### Exercise
Lower down are entries containing pictures. Copy exactly, without those pictures, the lines from the line with "Explorers: while the" through the line with "Okay, and open".

### Input material
· · · ·

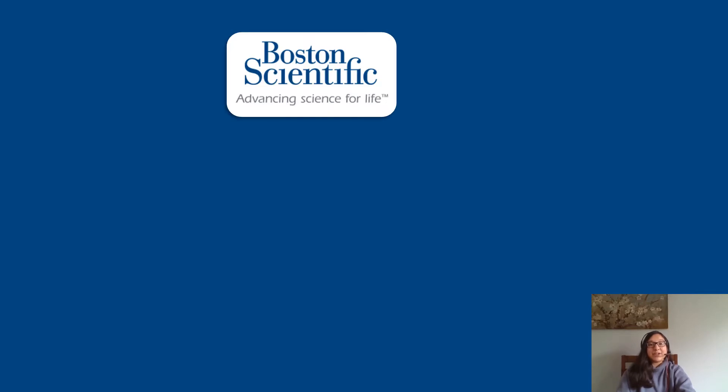Hello, Zanewood Community School families and friends. I'm Dostnia from Boston Scientific, and we are proud to be able to work with Zanewood Community School through our STEM Council as a partner school.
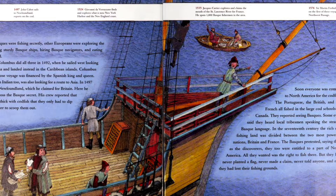Explorers: while the Basques were fishing secretly, other explorers were exploring the world, often using sturdy Basque ships, hiring Basque navigators, and eating Basque salted cod. Christopher Columbus did all three in 1492 while he was sailing west looking for a route to Asia and landed instead in the Caribbean islands. Columbus was an Italian whose voyage was financed by the Spanish king and queen. John Cabot, an Italian too, was also looking for a route to Asia. In 1497, Cabot landed in Newfoundland, which he claimed for Britain. Here, he had stumbled across the Basque secret. His crew reported that the water was so thick with codfish that they only had to dip baskets in the water to scoop them out. Soon, everyone was coming to North America for the codfish.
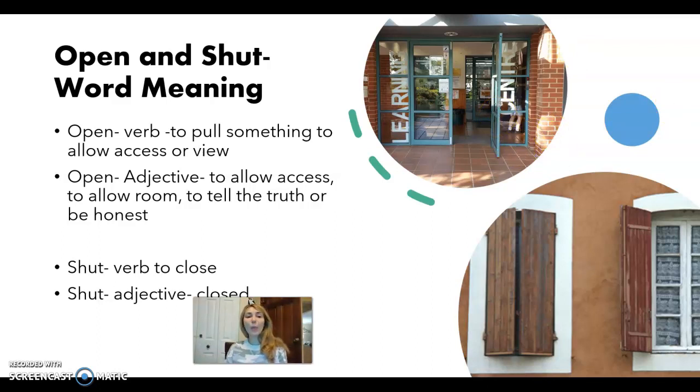Okay, and open could also be a word to describe somebody or something — this is where it gets a little confusing. Open meaning to allow access: this library is open, or this store is open, meaning you are allowed to come in. Open meaning to allow room: is there an opening in your schedule to cut my hair? Meaning, are you available or are you free?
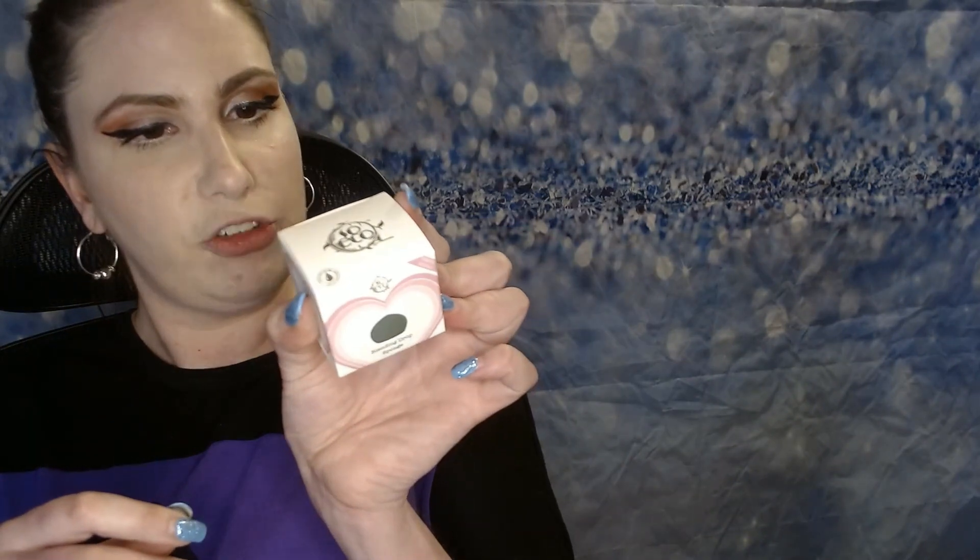The next thing is a Beauty Drop Sponge from So Eco. This is a limited edition green sponge — almost like a forest green. I think it's cute. I don't own any green ones. It looks like a decent sponge; it's soft. Happy to get that.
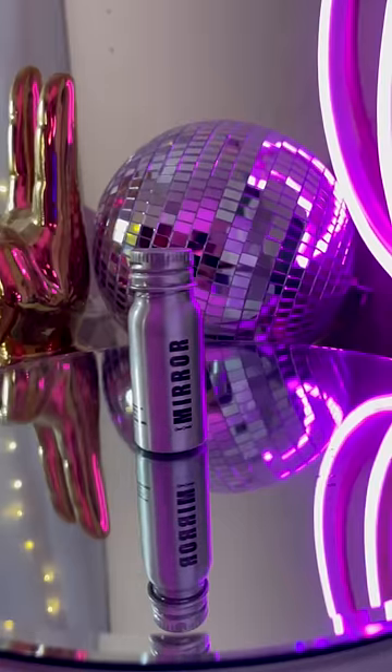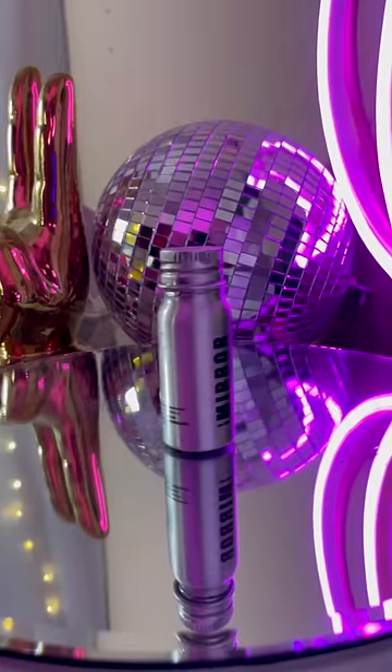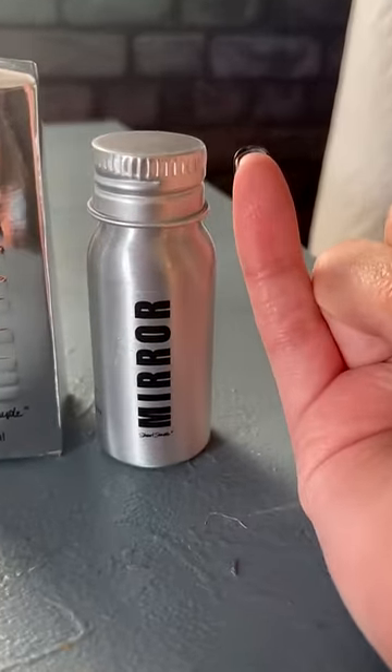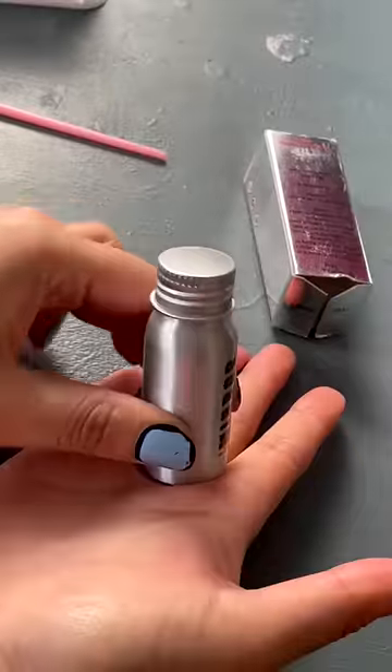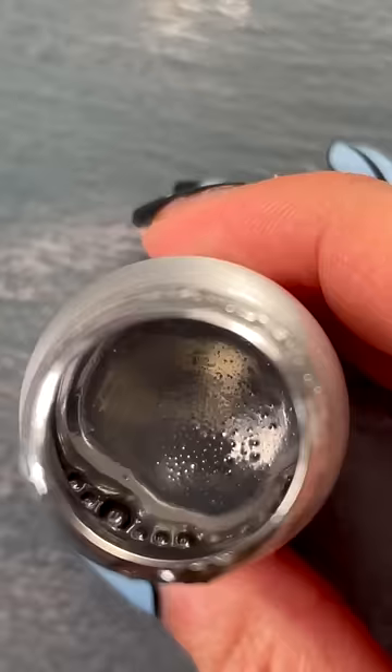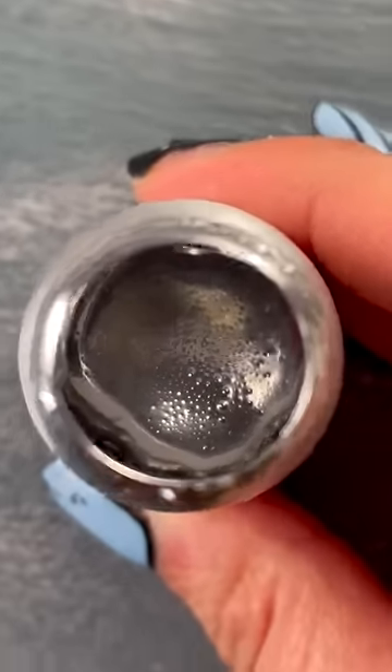After months of requests, I finally broke down and got the most reflective paint in existence. It claims to be a liquid mirror in a bottle, and at $37 a pop for this little tiny bit — literally the size of my finger — I hope it works. I had to shake it up really well because each individual pigment particle is half the size of a red blood cell. And just seeing how reflective it was in the bottle, I was like, okay.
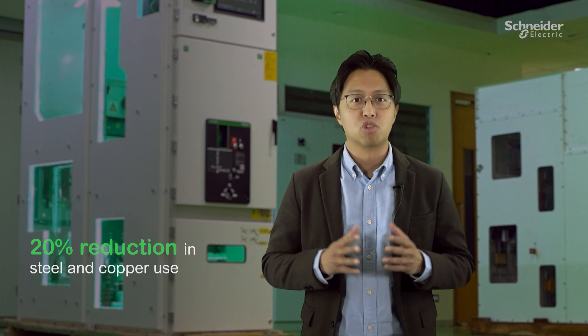To top it all, MC set is also designed to use 20% fewer raw materials, showing our commitment to help our customers on their sustainability journey.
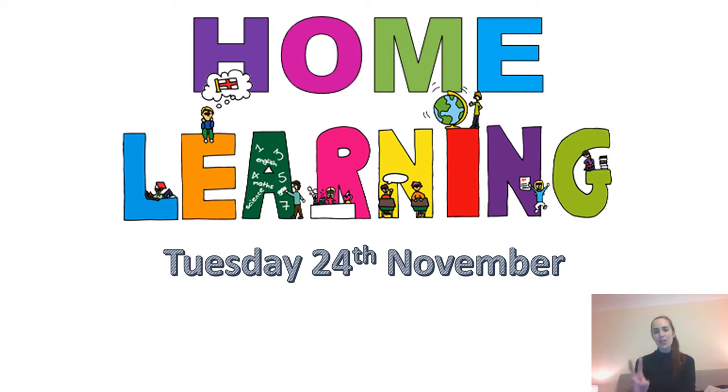Morning Year One and welcome to your second day at home learning online. Yesterday was so exciting and you all did so well, we were super proud of you. Today it will look fairly similar but we'll be doing different lessons and there are just a few alterations to the times because we've added some reading in today. We will start off today as we did yesterday at nine o'clock with our register, checking in with everybody and seeing who's here for the day.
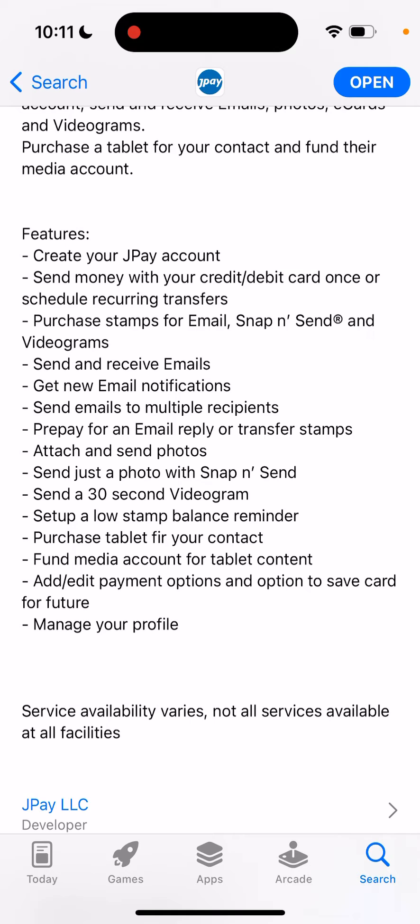You can also prepay for an email reply or transfer stamps. The other person also needs to reply to an email and needs to have stamps or credit available, so you can prepay for that.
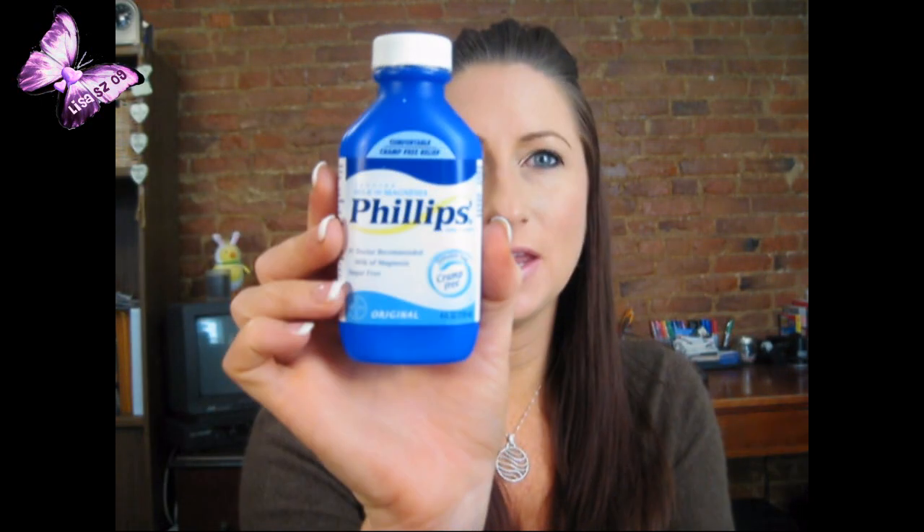Everything you're going to see is what I have on my face today, starting from the primers down. The first thing I've been using is Phillips Milk of Magnesia — it sounds weird, but it helps control oily skin. I pour a little onto a sponge and dab it on my forehead and nose, let it dry, then follow with the Michael Todd Instant Fill Primer all over. They work really well together and I love how long my makeup lasts.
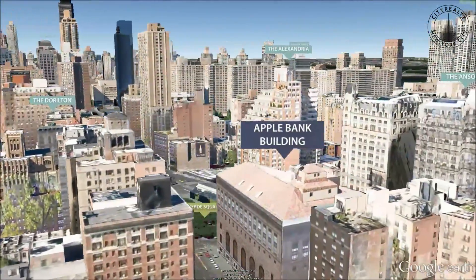The building is also close to great shopping and nightlife, many excellent restaurants and cafes, and a major subway station.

· · · ·

### Answer to the exercise
Explorers: while the Basques were fishing secretly, other explorers were exploring the world, often using sturdy Basque ships, hiring Basque navigators, and eating Basque salted cod. Christopher Columbus did all three in 1492 while he was sailing west looking for a route to Asia and landed instead in the Caribbean islands. Columbus was an Italian whose voyage was financed by the Spanish king and queen. John Cabot, an Italian too, was also looking for a route to Asia. In 1497, Cabot landed in Newfoundland, which he claimed for Britain. Here, he had stumbled across the Basque secret. His crew reported that the water was so thick with codfish that they only had to dip baskets in the water to scoop them out. Soon, everyone was coming to North America for the codfish.
Okay, and open could also be a word to describe somebody or something — this is where it gets a little confusing. Open meaning to allow access: this library is open, or this store is open, meaning you are allowed to come in. Open meaning to allow room: is there an opening in your schedule to cut my hair? Meaning, are you available or are you free?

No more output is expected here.